While English settlers in Colonial America were heating their homes with logs blazing in open fireplaces and putting up with smoke and sparks, many German settlers were enjoying a more advanced home heating technology—the five-plate, or jamb, stove. It provided clean, safe, energy-efficient radiant heat. As other heating systems came into use, nearly all the cast iron stoves were dismantled and discarded yet one survives in one of the oldest standing German houses from the Colonial era—Schifferstadt in Frederick, Maryland.

Built in 1758 by Elias and Albertina Brunner, the two-story, four-bedroom, center-hall stone house once held three such stoves. Two have long since disappeared, but one still stands where it was originally installed, in an upstairs bedroom. It is believed to be the only one still in situ.

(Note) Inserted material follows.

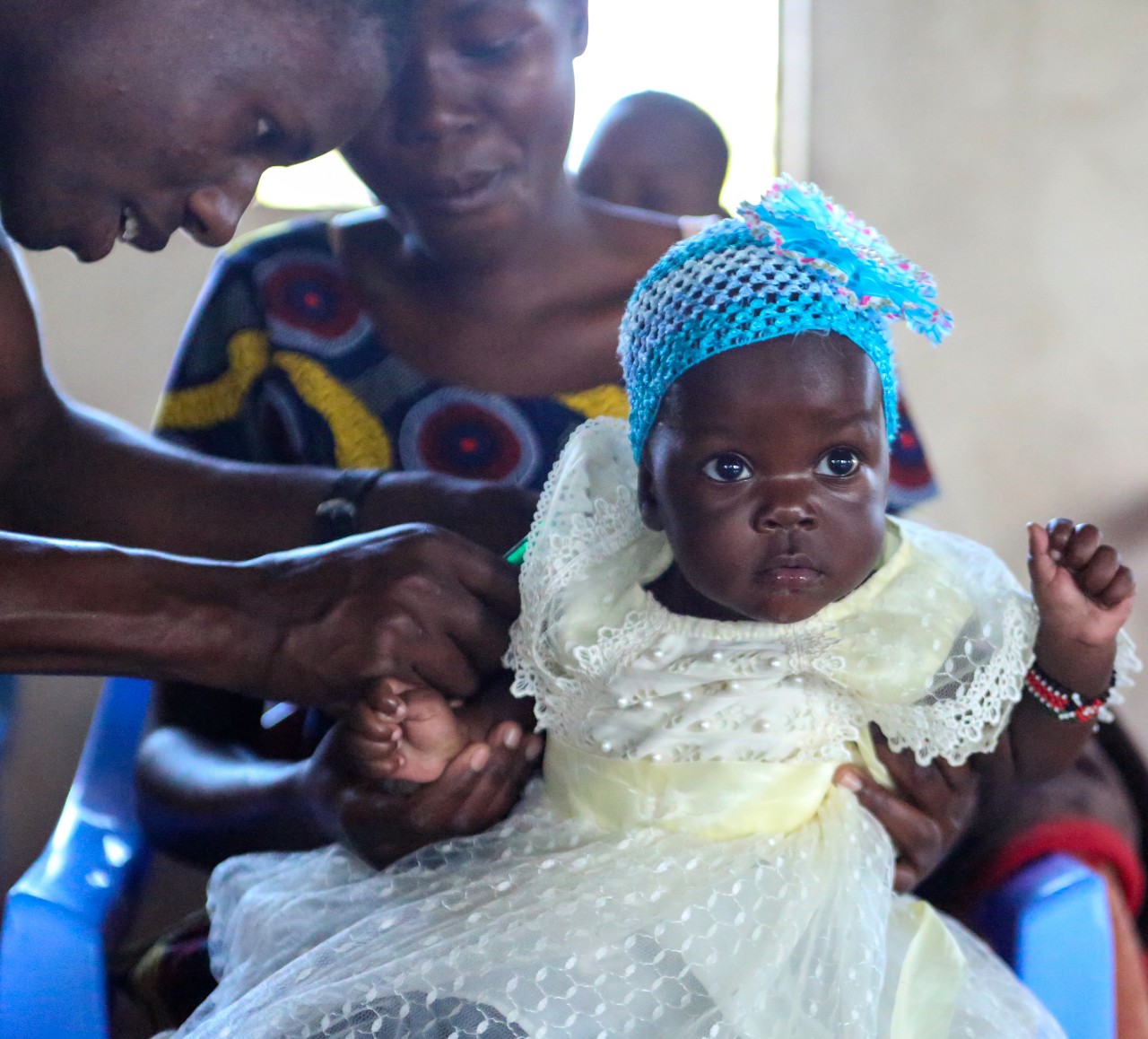 A Tanzanian medical staff applies a bandaid to a baby girl sitting on her mother's lap.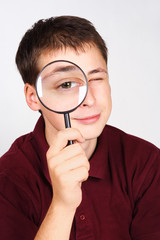 Fototapeta na wymiar young man holding magnifier and looking through it, big eye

The Schifferstadt farm was established around 1736 by Joseph and Cathrina Brunner, Elias’s parents. The family emigrated from the Palatinate in 1729 and spent seven years in Pennsylvania, probably as indentured servants which was the most common way immigrants repaid the cost of their passage across the Atlantic. Lured to Maryland by Lord Baltimore’s offer of land free for three years, many less affluent Germans migrated south, including the Brunners. They settled on a spot of wilderness about a mile from the tiny, new settlement that would become Frederick Town. In the early years, the family lived in a log house and farmed parts of what would eventually be surveyed as their 303 acres.